We’ve made it past midday. It’s time for a siesta, and we wake from it with a little trumpet song. If you squint and look around, the celebration continues, and if you look more closely, it never ends. An afternoon of games, street parades, colourful clothing and mischief.
Photo: Víctor Colmenero
The Little Clown by Víctor Colmenero. The little clown can’t go to school. The door is too narrow.
The clown points to the door from the window, showing the usual entrance from the possible entrance.
Everyone laughs at the clown until the clown laughs.
Víctor graduated from RESAD in Set Design, Lighting and Costume Design. He continued his education on a scholarship at Escuela SUR and the Scuola Conia directed by Claudia Castellucci, where he was trained in cross-disciplinary art studies and performance technique. He has worked as a lighting and set designer and artistic director with artists like Itziar Barrio, María Jerez, Alberto Cortés and Luis López Carrasco. In parallel, he also develops his own performance work and participates in residencies like Matadero Madrid, La Caldera Barcelona, Nau Estruch, La Casa Encendida, Museo CA2M, La Poderosa and others.
Photo: Arantxa Martínez
‘J, A Folkloric Striptease in 4 minutes’ by Arantxa Martínez. With the company of Celia Ramos. ‘J, A Folkloric Striptease in 4 minutes’ was envisioned as a video-performance for the programme Usted es un colectivo [As an individual, you are a collective] at Barcelona’s LEM festival in 2007. In 2017, Pablo Martínez suggested that I dance this jota live in the first edition of Cabaret MACBA, and I agreed despite my qualms. I made it a bit longer so I could take my time, but it remained a succinct gesture, a blink-and-you-miss-it, a visual poem that speaks for itself made of a body representing itself. In 2025, Lara Brown and Anto Rodríguez invited J to the Picnic Sessions and I hesitated: my innocence and humour are hurting in 2025. The world hurts and I’m sad. Miguel Ángel Berna, who updates and dances the jota, also says, ‘Why is it always this jota, which is in a major tone and always joyful? What if I’m sad?’ And I replied, ‘If I’m sad, I dance, I take off my clothing, I get naked’.
‘I know, with the natural understanding that God has given me, that everything beautiful is lovable, but I cannot grasp why, simply because it is loved, the thing loved for its beauty is obliged to love the one who loves it’. (Or on the destruction of pastoral romance by Marcela, a female character in Don Quijote.)
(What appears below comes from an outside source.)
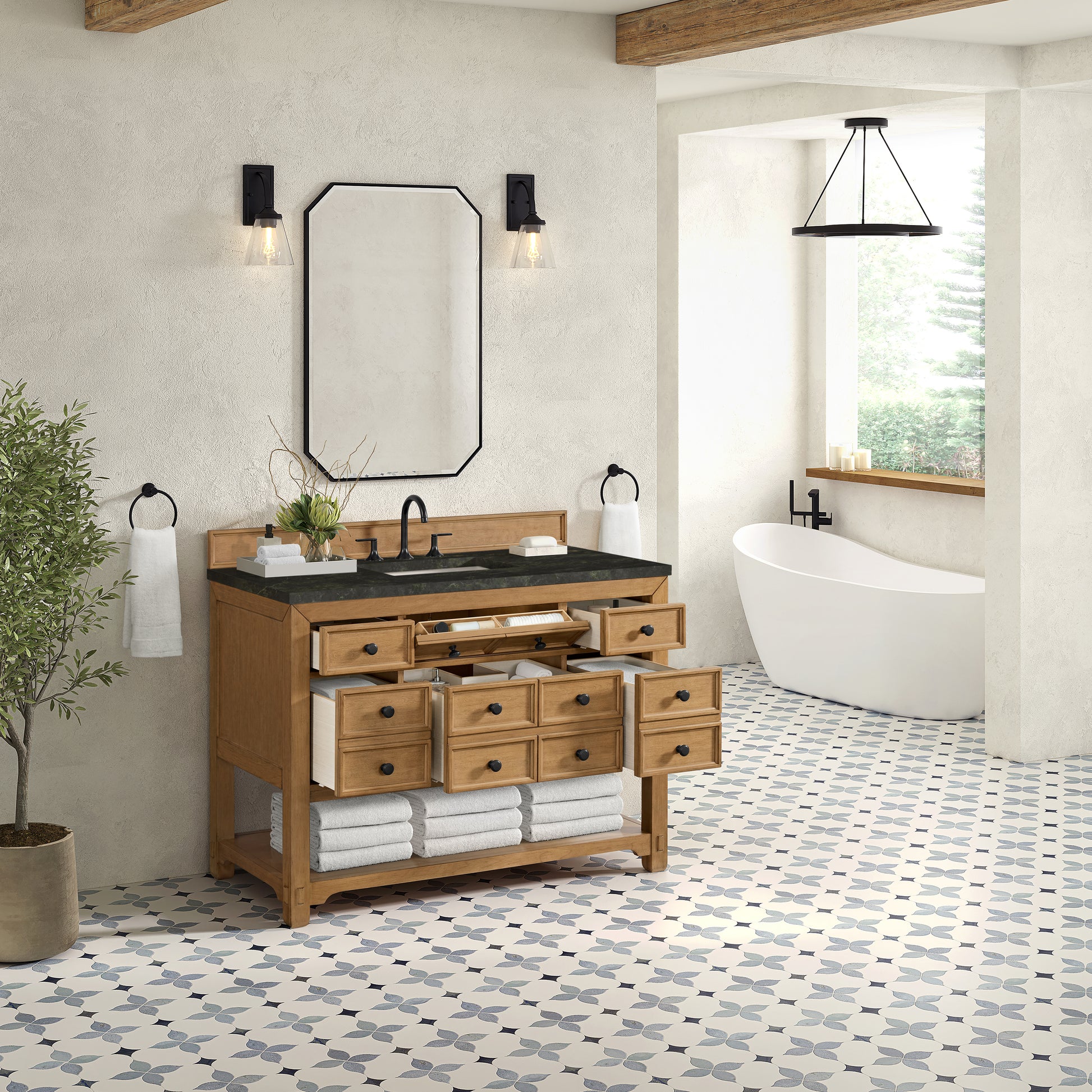 Renovate for Less Atlanta Malibu 48" Single Vanity, Amber Birch, w/ 3 CM Phantome Eclos Top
Arantxa Martínez is an artist, dancer and performer living in Berlin since 2003. Her practice revolves around the processes of identification and dependence of the body and its environs, and she questions performativity in relation to these processes. Her many artistic collaborations have led to works, inquiries, aesthetics, methodologies and practices that span the urban space, theatre, museum, cabaret and the mountains. Her performative inquiry has also expanded to the audiovisual medium, publication and radio.
Since 2003, she has regularly collaborated with Paz Rojo, María Jerez, Kate McIntosh, Juan Domínguez, Isabelle Schad, Miriam Jakob, Sabine Zahn, Julia B. Lapèrriere, Lola Rubio, Eszter Salamon, Guillem Mont de Palol, Thiago Granato, Alice Chauchat, Antonia Baehr, Nilo Gallego, Deborah Hay, Cullberg Ballett, Pauline Boudry and Renate Lorenz.
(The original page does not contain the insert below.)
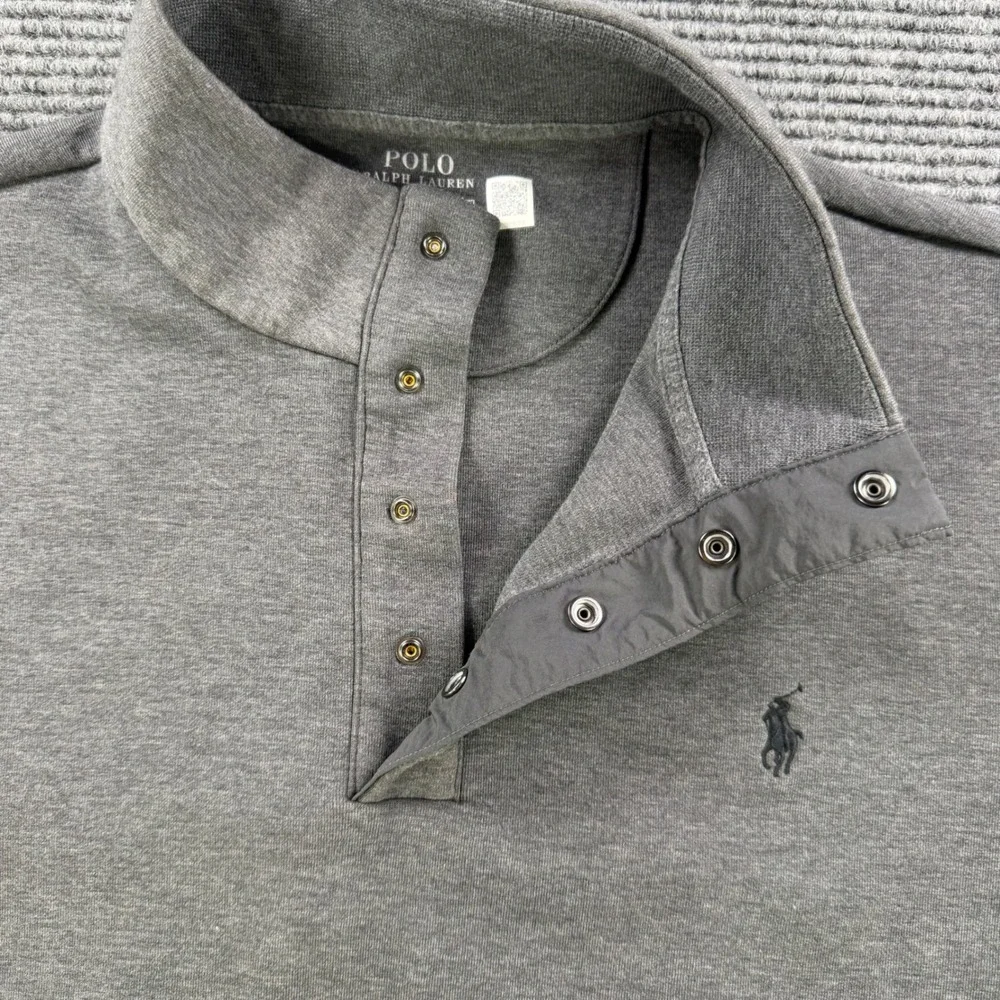 Polo Ralph Lauren Mens XL Gray Quarter Snap Mock Neck Pullover Sweatshirt Golf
She teaches classes at different universities and international institutions like DOCH in Stockholm, Madrid Master of Performing Arts, HZT Berlin and Cullbergballet.
Her texts have been published in different books: the brochure BLI BLA BLU in collaboration with María Jerez for the book Fiesta. Seis relatos de hoy, mañana y pasado mañana, Caniche 2024; From Behind All Over, Ladelfín Editora 2023; and Composing a Body of Bodies for the publication Stadterweitern. Tracing a Practice, Sabine Zahn, 2020.
3zero3. Photo: Jorge Calderero
3ZERO3. 3zero3 grabs us on the dance floor and gets us to sweat, dance, jump. You should attend their sessions in light clothing—enough said! At Skin or Bendito Castigo or the Picnic Sessions, they make the floor rumble, lift it up, shake it, and we soak it in. 3zero3 invites us to dance until we drop through all types/genres of music played by their extra-divine grace.
3zero3 launched their project by themselves after being half of the now-mythical duo manolo&benito djs. What best defines their way of seeing music and being a DJ is a passion and absolute curiosity about everything. They spin everything from the purest house to the most fun trance, including countless genres and atmospheres in the middle that will make you throb and have fun. Music has always been what saved their life. There is nothing they like more, and they want this to be felt and expressed in every set. They convey this energy so that we can have a moment of presence and pure connection with music that draws us out of our individual perception and connects us with something more—even if only during the session. A moment to simply be.